Today, very few shows have widespread appeal. With such a big selection, they don’t need to! We used to recommend anime by saying that a show “has something for everyone” in it; today we recommend anime as a genre by instead saying there’s a show out there for each person. Nerima Daikon Brothers resonated with me, but certainly not the rest of my anime club. I recall that year having an extremely eclectic selection when all was said and done, including a tearjerker, Haibane Renmei, dark comedy Welcome to the NHK, and all-out action Gurren Lagann. The flipside was that because we all had to compromise, I ended up discovering a lot of shows that I wouldn’t have necessarily watched otherwise, and widely expanded my tastes. I started attending to watch Ouran High School Host Club and Death Note; I ended up with a taste for (at the time) brand new airing shows like Last Exile. I probably would never have become an anime reviewer if not for being a part of my college anime club.

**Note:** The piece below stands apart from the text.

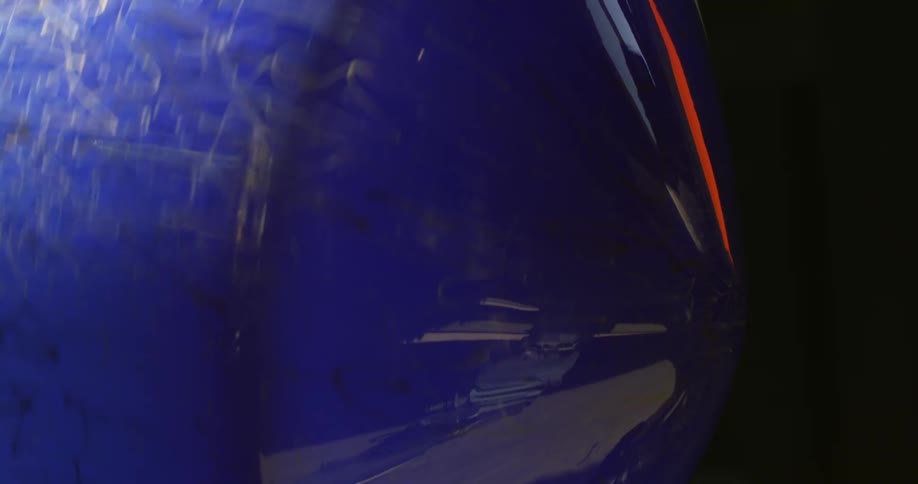 Gold decorated blue glass reflects person as it is rotated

That’s awesome, but it’s jarring how much this shift has changed the way I watch anime with my friends. Not being able to decide on an anime for club was one thing. Coming home on breaks and discovering that my eight closest friends all preferred different shows was another. Most recently, a friend I’ve been watching anime with since we were 12 told me she was surprised to see my Anime News Network essay on Cheer Boys!! being my worst show of the season. It had been her favorite. “What happened to us?” I exclaimed, remembering how as middle schoolers, there was no question that we had similar feelings about every anime we watched.
Having been friends with the same eight people for more than a decade now, our diverging tastes have become even more obvious. At first, I took it personally, like my friends and I were growing apart and didn’t like the same things anymore. It felt like rejection, the same way bringing Nerima Daikon Brothers into anime club felt like rejection.
When anime was hard to get, sharing my love of anime already made me a loner. Back then, revealing I even liked anime felt like a compromising confession, so I guess I tied a lot of my identity to the shows I liked. I see this among anime fans of my generation, who remember those early times. We tie our anime preferences to our identities. Saying “I don’t like your favorite anime” sounds a lot like, “wow, your taste is bad.” It sounds a lot like “I don’t like you.”
But I think that’s changing. Today, discovering a new anime is hardly different from discovering any other new show—they’re all on Netflix. The next generation of anime fans is massive because the selection is way bigger than I ever could have imagined. And that’s the most magical part: even with so many shows to choose from, there are still going to be a select few who pick Nerima Daikon Brothers—not because it’s one of the four VHS tapes our friend group has access to, but because something inside this goofy show resonates somehow.
I have so much to choose from that these days it’s hard to pick a favorite, though lately I’ve been partial to Natsume’s Book of Friends. Instead, it’s become far, far easier to differentiate the things I like from the things I don’t and, as a reviewer, be very vocal about it. I might even say I don’t like your favorite show. But it doesn’t mean I don’t like you.